* What to do *
Repeat the listing exactly. Any picture in it should be left out of the copy.

* Given entries *
------------------------------------

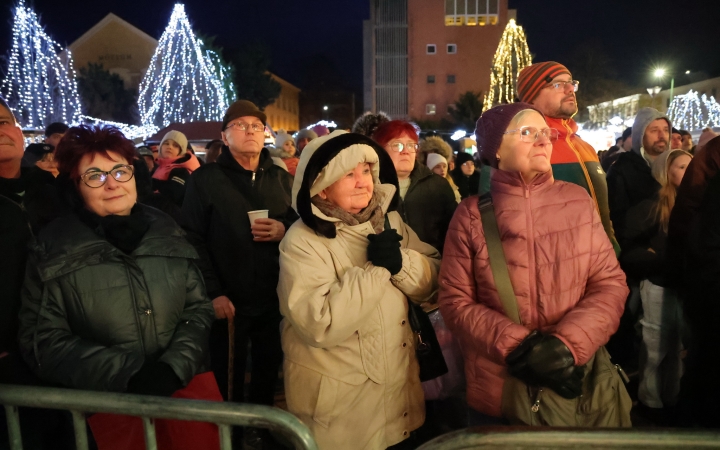 A negyedik adventi láng is lobog a Városháza téren - fotó: 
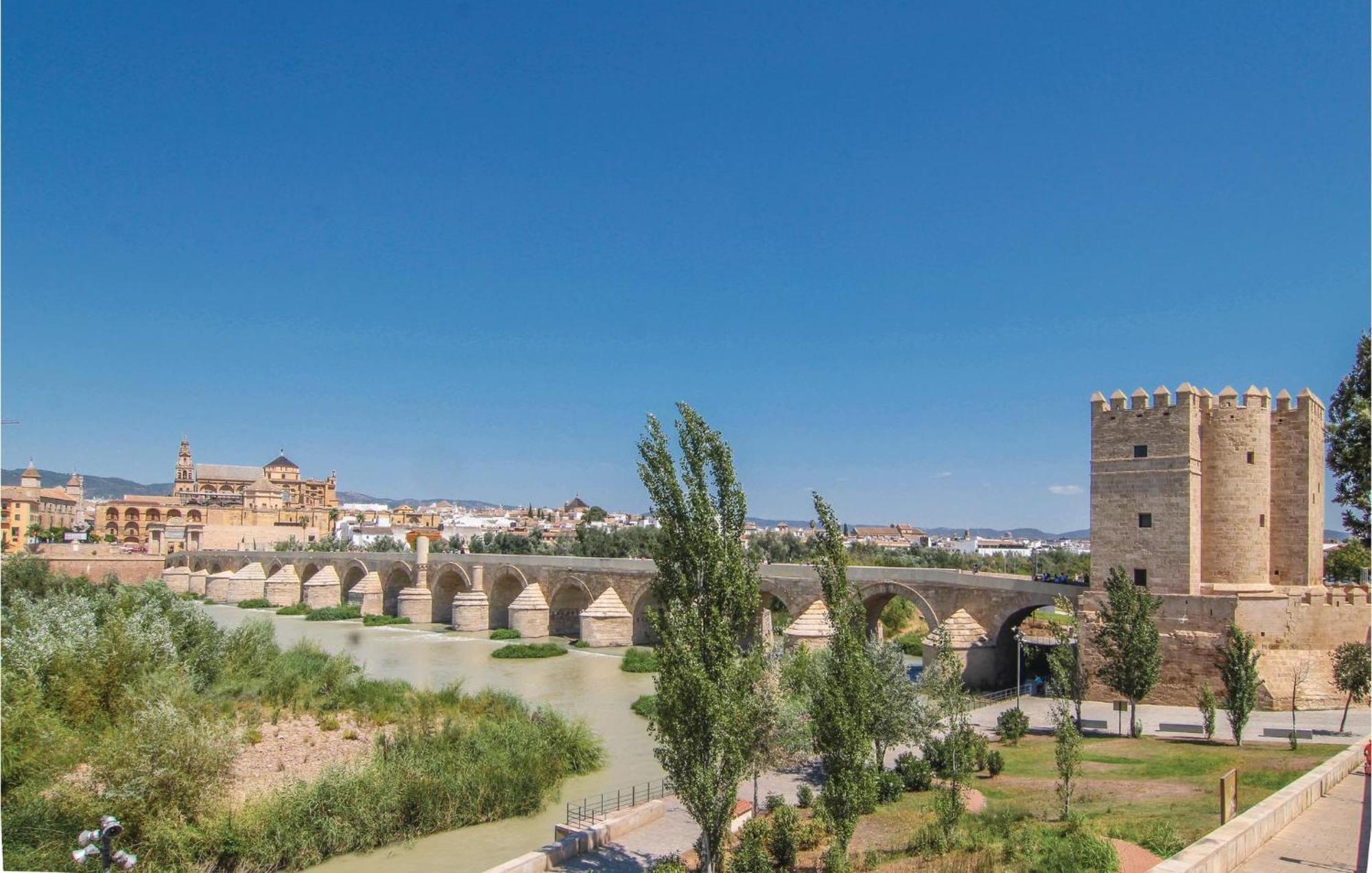 Stunning Apartment In Cordoba With Kitchen ภายนอก รูปภาพ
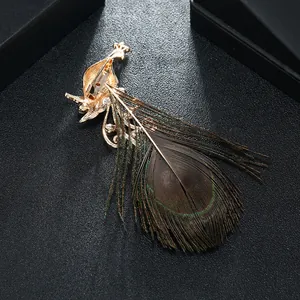 Detailweergave van de luxe pauwenveerbroche met de speld aan de achterzijde getoond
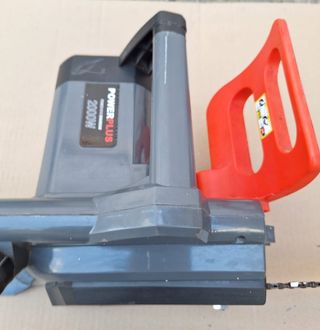 Motosierra Eléctrica Powerplus 2000W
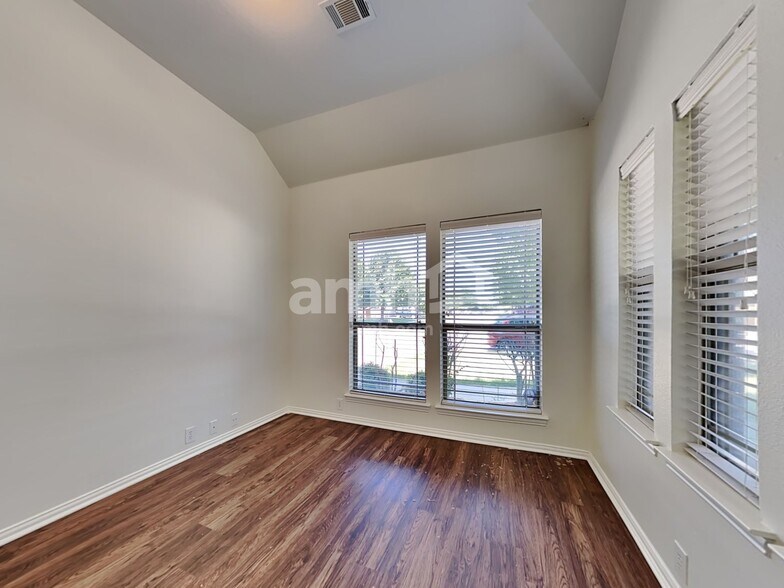 Building Photo - 820 Cheryl St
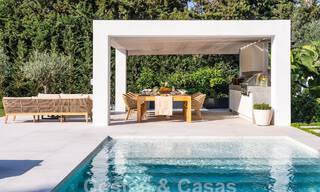 Villa de luxe au design moderne et méditerranéen à vendre dans une zone de golf populaire à Nueva Andalucia, Marbella 61654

------------------------------------

* Exercise solution *
 A negyedik adventi láng is lobog a Városháza téren - fotó: 
 Stunning Apartment In Cordoba With Kitchen ภายนอก รูปภาพ
 Detailweergave van de luxe pauwenveerbroche met de speld aan de achterzijde getoond
 Motosierra Eléctrica Powerplus 2000W
 Building Photo - 820 Cheryl St
 Villa de luxe au design moderne et méditerranéen à vendre dans une zone de golf populaire à Nueva Andalucia, Marbella 61654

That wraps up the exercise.